Чуть ли не единственным человеком, у которого не помутилось национальное сознание, был Царь. Его духовное здоровье ни в какой мере не было задето тлетворными веяниями времени. Он продолжал смотреть на вещи просто и трезво. В столице в разгар войны — Великой войны, от исхода которой зависела судьба мира! — возник уличный бунт! Его надо на месте подавить с той мгновенной беспощадностью, которая в таких случаях есть единственный способ обеспечить минимальную трату крови. Это было Царю так же ясно, как было ему ясно при более ранних его столкновениях с общественным мнением, что во время войны, и притом буквально накануне конечной победы над внешним врагом, нельзя заниматься органическими реформами внутренними, ослабляющими правительственную власть.
Царь был на фронте, во главе армии, продолжавшей быть ему преданной. Так, кажется, просто было ему покончить с бунтом!
Но для этого надобно было, чтобы то, что произошло в столице, было воспринято государственно-общественными силами, стоящими во главе России, именно как «бунт». Для этого надобно было, чтобы Царь мог пойти усмирять столичный «бунт» как общерусский Царь, спасающий Родину от внутреннего врага, в образе бунтующей черни грозящего
Что же было делать Царю? Укрыться под защиту оставшихся ему верными войск и идти на столицу, открывая фронт внутренней войны и поворачивая тыл фронту войны внешней?
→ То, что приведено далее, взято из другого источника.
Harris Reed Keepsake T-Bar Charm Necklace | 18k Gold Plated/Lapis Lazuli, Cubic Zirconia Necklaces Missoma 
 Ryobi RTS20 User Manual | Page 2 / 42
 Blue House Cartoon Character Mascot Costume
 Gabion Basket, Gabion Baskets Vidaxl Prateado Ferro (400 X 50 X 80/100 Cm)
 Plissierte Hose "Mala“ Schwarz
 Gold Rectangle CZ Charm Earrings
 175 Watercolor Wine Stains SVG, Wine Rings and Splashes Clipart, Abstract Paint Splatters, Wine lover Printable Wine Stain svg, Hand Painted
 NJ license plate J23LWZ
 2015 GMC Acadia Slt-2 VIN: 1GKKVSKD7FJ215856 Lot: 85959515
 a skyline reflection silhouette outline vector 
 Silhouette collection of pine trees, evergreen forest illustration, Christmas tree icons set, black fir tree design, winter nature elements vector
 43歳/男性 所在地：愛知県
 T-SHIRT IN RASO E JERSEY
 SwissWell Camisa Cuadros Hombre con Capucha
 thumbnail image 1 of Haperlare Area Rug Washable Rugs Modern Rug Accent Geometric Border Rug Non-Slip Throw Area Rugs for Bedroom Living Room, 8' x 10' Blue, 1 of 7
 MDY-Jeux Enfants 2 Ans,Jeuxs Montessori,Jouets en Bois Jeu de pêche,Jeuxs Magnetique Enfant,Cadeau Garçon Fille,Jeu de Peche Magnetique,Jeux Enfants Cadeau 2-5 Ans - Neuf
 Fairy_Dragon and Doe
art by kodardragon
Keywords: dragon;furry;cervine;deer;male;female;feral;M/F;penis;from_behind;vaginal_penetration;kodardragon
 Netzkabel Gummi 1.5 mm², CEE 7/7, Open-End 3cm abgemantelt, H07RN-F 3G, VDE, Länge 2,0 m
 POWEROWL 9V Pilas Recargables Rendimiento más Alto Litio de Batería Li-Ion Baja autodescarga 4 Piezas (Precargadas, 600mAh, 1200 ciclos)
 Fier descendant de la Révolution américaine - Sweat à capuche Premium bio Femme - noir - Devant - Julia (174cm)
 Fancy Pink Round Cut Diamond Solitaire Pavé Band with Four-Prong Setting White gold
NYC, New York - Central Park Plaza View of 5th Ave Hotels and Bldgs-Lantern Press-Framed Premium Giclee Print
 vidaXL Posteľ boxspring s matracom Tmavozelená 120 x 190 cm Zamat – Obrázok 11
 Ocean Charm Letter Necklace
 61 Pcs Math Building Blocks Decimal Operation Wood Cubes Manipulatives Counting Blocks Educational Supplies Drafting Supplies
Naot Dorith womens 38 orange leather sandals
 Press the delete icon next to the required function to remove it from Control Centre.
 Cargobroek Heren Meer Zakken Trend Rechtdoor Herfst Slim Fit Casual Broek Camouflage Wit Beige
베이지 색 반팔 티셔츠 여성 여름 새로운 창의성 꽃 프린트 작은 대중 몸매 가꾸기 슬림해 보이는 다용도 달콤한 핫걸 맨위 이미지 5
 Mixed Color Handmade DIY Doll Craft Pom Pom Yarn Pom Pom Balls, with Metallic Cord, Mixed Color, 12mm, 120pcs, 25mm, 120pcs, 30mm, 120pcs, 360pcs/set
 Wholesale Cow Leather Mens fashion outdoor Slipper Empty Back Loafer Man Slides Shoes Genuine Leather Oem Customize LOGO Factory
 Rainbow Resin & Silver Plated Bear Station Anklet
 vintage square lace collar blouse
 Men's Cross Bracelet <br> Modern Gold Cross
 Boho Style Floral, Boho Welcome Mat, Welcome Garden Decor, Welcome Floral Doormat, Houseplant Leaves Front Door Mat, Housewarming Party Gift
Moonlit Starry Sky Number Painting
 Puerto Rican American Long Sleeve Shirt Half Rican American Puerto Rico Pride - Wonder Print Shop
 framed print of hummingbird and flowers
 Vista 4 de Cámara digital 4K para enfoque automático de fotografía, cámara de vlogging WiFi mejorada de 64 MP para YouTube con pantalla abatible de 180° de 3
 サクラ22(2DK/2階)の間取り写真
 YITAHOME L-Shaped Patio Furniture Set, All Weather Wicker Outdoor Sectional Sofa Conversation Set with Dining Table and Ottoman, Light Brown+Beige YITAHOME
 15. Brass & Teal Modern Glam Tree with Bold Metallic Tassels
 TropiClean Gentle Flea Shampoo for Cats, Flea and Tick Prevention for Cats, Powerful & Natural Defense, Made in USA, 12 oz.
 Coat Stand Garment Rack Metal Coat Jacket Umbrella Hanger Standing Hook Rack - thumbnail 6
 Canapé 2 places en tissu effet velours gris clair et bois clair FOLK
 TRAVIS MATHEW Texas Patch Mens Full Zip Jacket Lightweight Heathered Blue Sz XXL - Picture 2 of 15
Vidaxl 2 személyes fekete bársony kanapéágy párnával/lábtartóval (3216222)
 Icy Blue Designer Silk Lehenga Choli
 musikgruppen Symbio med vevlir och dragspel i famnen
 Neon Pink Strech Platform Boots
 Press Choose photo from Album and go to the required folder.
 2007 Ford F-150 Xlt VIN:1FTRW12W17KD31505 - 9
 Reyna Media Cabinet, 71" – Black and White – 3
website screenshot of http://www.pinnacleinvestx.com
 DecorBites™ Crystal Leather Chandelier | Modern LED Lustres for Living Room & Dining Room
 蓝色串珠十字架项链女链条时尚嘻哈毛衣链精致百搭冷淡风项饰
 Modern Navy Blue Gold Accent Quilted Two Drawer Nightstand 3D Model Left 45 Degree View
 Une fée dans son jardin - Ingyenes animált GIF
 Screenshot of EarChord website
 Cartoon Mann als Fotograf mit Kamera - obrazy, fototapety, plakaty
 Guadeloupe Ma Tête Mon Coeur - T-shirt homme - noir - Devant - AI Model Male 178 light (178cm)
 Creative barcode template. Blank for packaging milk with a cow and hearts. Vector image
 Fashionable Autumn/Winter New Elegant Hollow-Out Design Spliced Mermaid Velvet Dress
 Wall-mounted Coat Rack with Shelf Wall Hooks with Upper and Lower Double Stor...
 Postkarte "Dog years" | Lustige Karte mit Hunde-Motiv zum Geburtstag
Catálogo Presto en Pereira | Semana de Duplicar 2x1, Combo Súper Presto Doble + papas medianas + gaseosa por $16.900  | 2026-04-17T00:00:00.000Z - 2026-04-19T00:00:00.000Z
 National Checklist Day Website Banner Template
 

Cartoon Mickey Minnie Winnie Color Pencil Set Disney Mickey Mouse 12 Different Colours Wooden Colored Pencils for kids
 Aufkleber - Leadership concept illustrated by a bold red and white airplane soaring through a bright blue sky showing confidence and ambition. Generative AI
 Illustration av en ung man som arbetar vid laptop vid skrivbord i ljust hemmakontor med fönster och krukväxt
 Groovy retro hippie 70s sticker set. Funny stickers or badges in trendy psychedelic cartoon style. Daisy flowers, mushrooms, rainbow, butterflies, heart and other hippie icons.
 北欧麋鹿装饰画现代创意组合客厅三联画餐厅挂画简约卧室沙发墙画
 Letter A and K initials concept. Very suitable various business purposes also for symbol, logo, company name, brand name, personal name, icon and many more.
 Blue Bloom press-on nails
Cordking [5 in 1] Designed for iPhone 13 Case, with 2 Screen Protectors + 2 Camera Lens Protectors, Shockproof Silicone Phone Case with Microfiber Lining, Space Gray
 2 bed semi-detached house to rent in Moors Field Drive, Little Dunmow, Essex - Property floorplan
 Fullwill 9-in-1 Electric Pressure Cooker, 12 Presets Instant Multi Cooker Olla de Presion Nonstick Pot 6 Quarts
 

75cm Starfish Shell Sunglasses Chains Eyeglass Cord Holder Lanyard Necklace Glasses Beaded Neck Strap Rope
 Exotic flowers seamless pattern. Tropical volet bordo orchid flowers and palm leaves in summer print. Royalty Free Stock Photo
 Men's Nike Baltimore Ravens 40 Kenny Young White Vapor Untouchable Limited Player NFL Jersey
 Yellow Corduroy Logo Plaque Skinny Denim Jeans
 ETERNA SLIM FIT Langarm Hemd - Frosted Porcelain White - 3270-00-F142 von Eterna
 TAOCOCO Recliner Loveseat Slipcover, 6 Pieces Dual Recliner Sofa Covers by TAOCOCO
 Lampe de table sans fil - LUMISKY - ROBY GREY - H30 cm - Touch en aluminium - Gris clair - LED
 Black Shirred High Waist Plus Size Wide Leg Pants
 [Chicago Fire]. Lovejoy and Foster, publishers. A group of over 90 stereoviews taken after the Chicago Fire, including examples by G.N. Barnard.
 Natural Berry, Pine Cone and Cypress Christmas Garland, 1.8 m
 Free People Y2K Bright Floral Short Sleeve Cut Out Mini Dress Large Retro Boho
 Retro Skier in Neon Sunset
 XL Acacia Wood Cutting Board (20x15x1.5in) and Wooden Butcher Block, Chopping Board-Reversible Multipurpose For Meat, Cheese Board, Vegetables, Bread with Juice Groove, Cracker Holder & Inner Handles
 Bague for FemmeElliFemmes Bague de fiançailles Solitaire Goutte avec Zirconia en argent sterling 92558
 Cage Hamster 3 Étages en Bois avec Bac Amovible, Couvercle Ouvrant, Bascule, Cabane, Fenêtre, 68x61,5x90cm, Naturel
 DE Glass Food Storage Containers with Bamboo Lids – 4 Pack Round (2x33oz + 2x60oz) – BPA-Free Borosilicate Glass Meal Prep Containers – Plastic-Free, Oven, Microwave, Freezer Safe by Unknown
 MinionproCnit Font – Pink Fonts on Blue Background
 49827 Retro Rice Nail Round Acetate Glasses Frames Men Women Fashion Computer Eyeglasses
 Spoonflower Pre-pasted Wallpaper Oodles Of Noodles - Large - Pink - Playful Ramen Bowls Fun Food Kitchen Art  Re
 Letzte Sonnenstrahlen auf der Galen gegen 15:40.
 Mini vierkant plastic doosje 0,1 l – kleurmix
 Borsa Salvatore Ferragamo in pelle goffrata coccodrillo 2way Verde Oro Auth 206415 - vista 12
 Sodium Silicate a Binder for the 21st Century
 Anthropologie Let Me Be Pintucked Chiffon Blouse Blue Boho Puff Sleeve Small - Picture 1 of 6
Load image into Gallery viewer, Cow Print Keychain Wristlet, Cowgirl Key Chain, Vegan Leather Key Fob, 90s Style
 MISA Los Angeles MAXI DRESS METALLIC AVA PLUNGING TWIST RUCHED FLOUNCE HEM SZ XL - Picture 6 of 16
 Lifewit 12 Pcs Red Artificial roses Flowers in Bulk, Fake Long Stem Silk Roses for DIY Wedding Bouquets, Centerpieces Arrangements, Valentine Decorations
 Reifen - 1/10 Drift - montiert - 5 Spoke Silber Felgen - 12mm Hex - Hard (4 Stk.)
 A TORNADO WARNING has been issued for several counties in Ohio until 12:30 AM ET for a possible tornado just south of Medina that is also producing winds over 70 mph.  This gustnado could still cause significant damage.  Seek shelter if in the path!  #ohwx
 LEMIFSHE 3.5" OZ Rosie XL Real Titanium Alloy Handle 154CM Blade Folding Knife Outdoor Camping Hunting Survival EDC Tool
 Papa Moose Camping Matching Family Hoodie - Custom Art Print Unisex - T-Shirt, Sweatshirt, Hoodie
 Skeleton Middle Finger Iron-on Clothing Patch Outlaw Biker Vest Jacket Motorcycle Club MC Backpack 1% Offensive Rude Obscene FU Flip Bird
Достаточно поставить этот вопрос, чтобы понять морально-психологическую невозможность вступления Царя на этот путь.
Ехать в столицу, чтобы там в сотрудничестве с ведущими силами страны подавить бунт, опираясь на военную силу, хотя бы ценою тяжелых, если это неизбежно, жертв, — на это готов был Царь. Но рвать с «лучшими людьми» страны и идти не карательной экспедицией против столичной черни, выбросившей красное знамя, а междоусобной войной против столицы, ставшей центром сопротивления именно ему во имя какого-то нового устроения общегосударственной власти и не вызывавшей отталкивания даже у ближайшего окружения Царя, — этого не мог сделать Царь.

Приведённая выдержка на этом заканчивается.